**EXERCISE PROMPT**
Could you transcribe the entries below exactly, starting at the line that contains "活動中一段畫面引發爭議：成龍" and stopping at the last line, without any pictures?

[Opening INPUT RECORDS section]

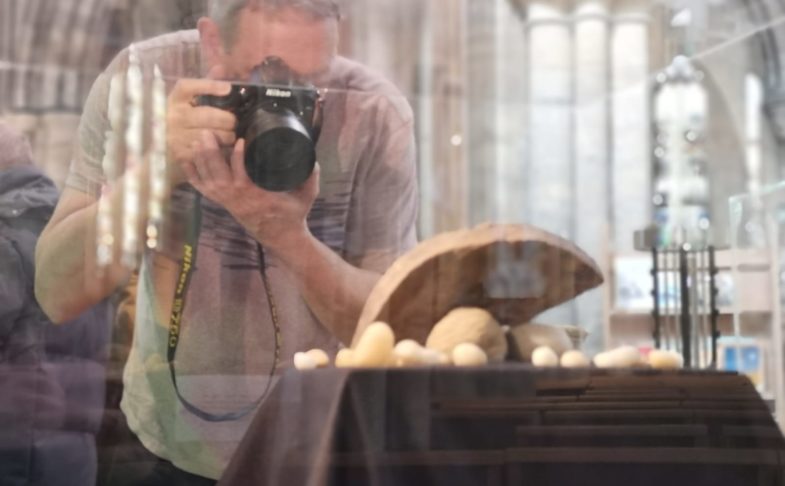 Man taking photo of object in glass case to turn in to 3D models.
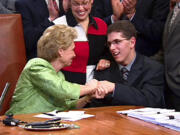 FILE - In this  May 14, 2009, file photo, made from video, then-Washington Gov. Chris Gregoire, left, shakes hands with Zackery Lystedt, right, in Olympia, Wash., after she signed the "Zackery Lystedt law", what is considered the nation's toughest law regulating when high school athletes can return to games after having sustained a concussion. It is named after Lystedt, who suffered a life-threatening brain injury in 2006 after he returned to play football following a concussion.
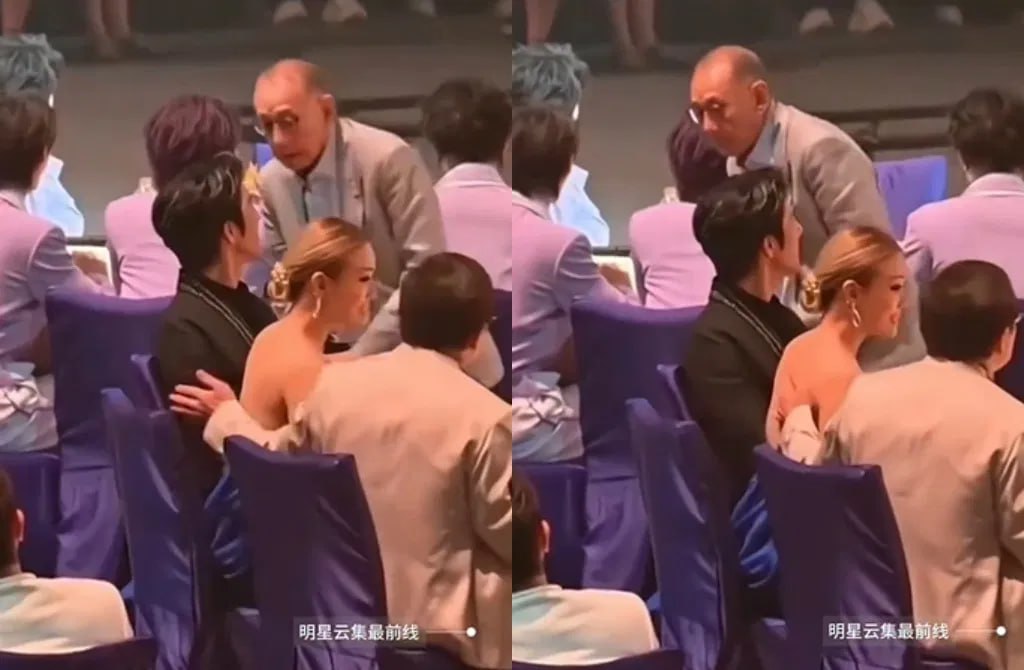 活動中一段畫面引發爭議：成龍被拍到伸手碰觸容祖兒背部，部分網友質疑舉止不妥。甄妮看完影片後直批，「這場晚會就像一面照妖鏡，台上台下的每張嘴臉都冷血得可怕」。 圖:翻攝自X帳號@58cB4AdDMjKCsOJ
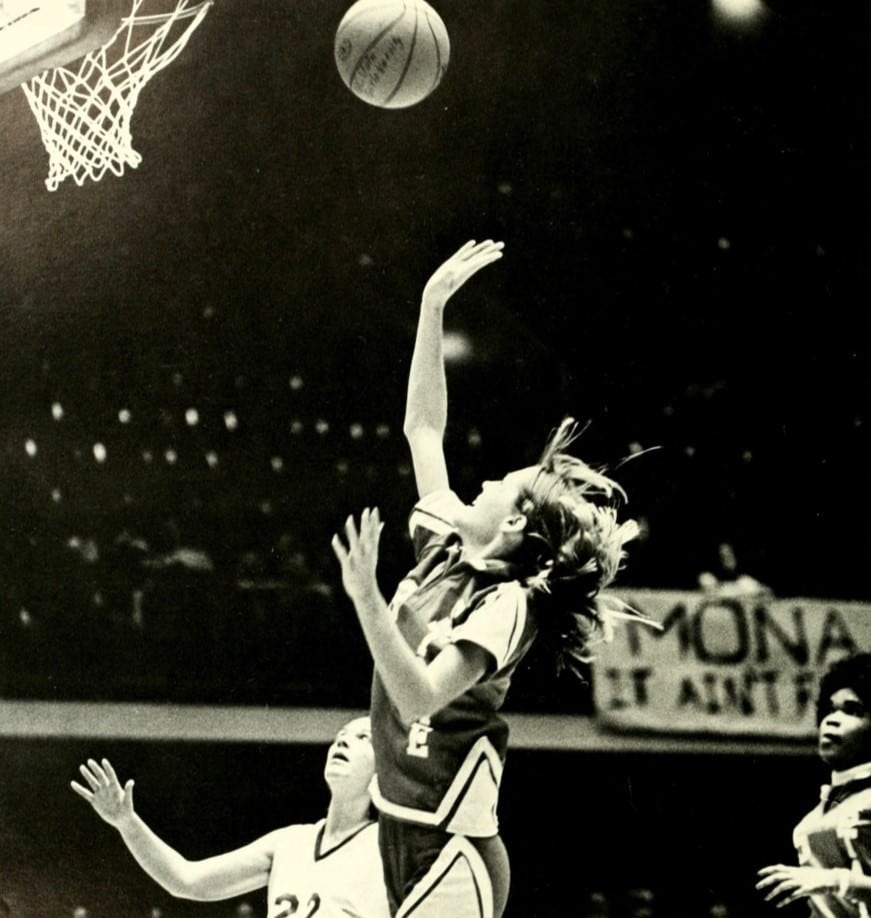An NC State women's basketball player tosses a layup towards the basket in one of their first games in Reynolds Coliseum.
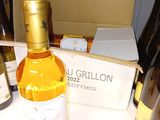 many bottles of wine sitting on a table next to a box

[Closing INPUT RECORDS section]

**WRITTEN SOLUTION**
 活動中一段畫面引發爭議：成龍被拍到伸手碰觸容祖兒背部，部分網友質疑舉止不妥。甄妮看完影片後直批，「這場晚會就像一面照妖鏡，台上台下的每張嘴臉都冷血得可怕」。 圖:翻攝自X帳號@58cB4AdDMjKCsOJ
An NC State women's basketball player tosses a layup towards the basket in one of their first games in Reynolds Coliseum.
 many bottles of wine sitting on a table next to a box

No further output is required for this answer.